[Stored entries]
────────────────

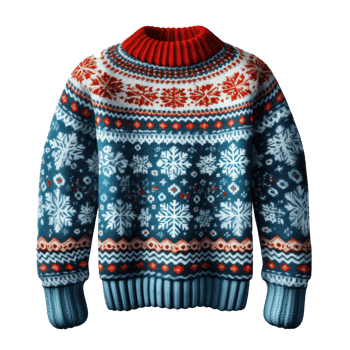 christmas funny sweater isolated png
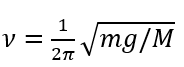 A large mass M and a small mass m hang at the two ends of a string that passes through a smooth tube as shown in Fig. The mass m moves around a circular path in a horizontal plane. The length of the string from mass m to the top of the tube is l and ϴ is the angle the string makes with the vertical. What should be the frequency (ν) of rotation of mass m so that mass M remains stationary?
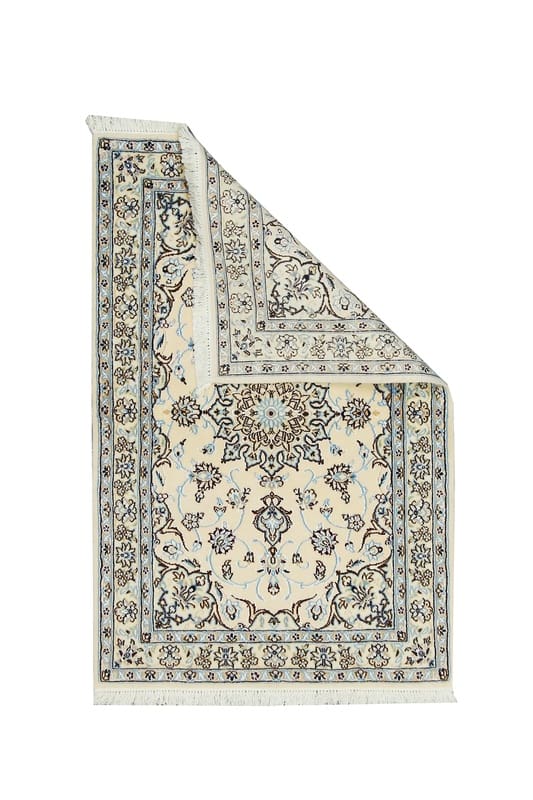 Nain Perserteppich 134 × 86 cm aus Wolle & Seide, handgeknüpft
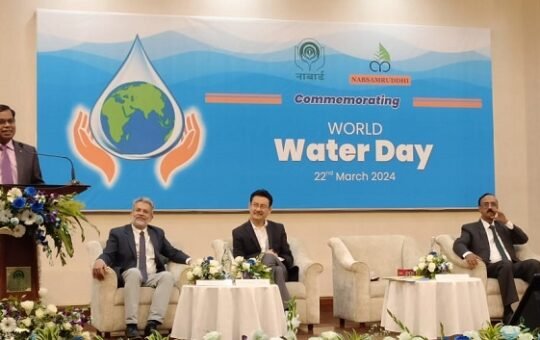 NABARD Chairman Shri Shaji K.V., addressing NABSAMRUDDHI's World Water Day event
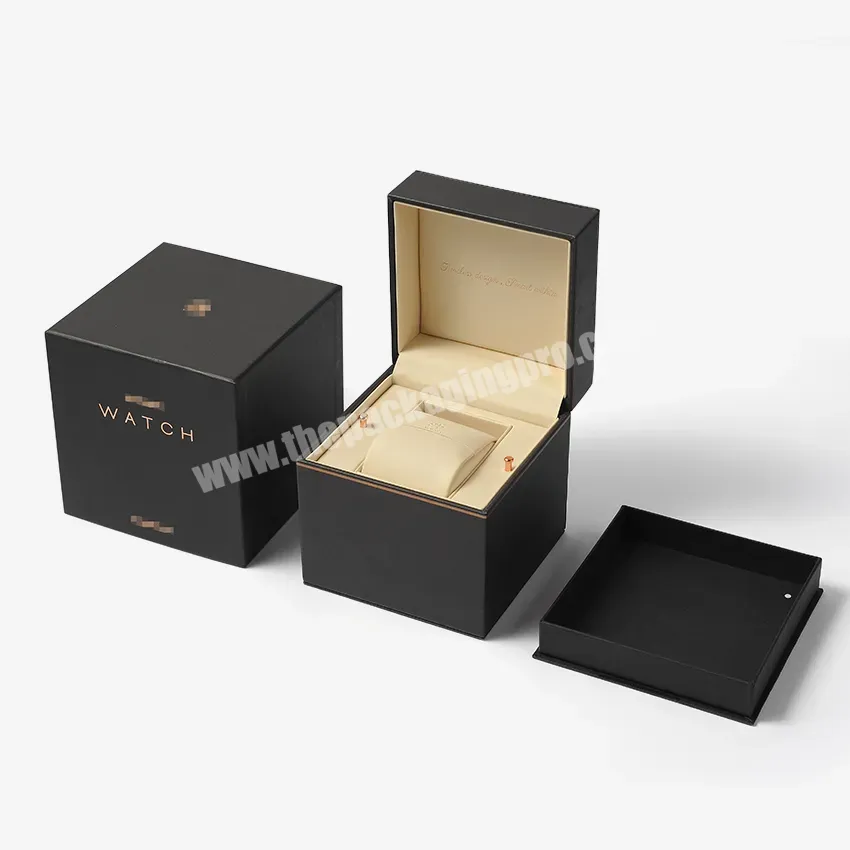 Wholesale Custom Logo Black Cardboard Boxes Handmade Watch Box Luxury Jewelry Box - Buy Watch Box Luxury,Boxes For Watches,Black Rigid Paper Box.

────────────────

Assignment: The response must restate exactly the lines from the one containing "NABARD Chairman Shri" through the end of the records above and must leave out all pictures.

Reply to the exercise:
 NABARD Chairman Shri Shaji K.V., addressing NABSAMRUDDHI's World Water Day event
 Wholesale Custom Logo Black Cardboard Boxes Handmade Watch Box Luxury Jewelry Box - Buy Watch Box Luxury,Boxes For Watches,Black Rigid Paper Box.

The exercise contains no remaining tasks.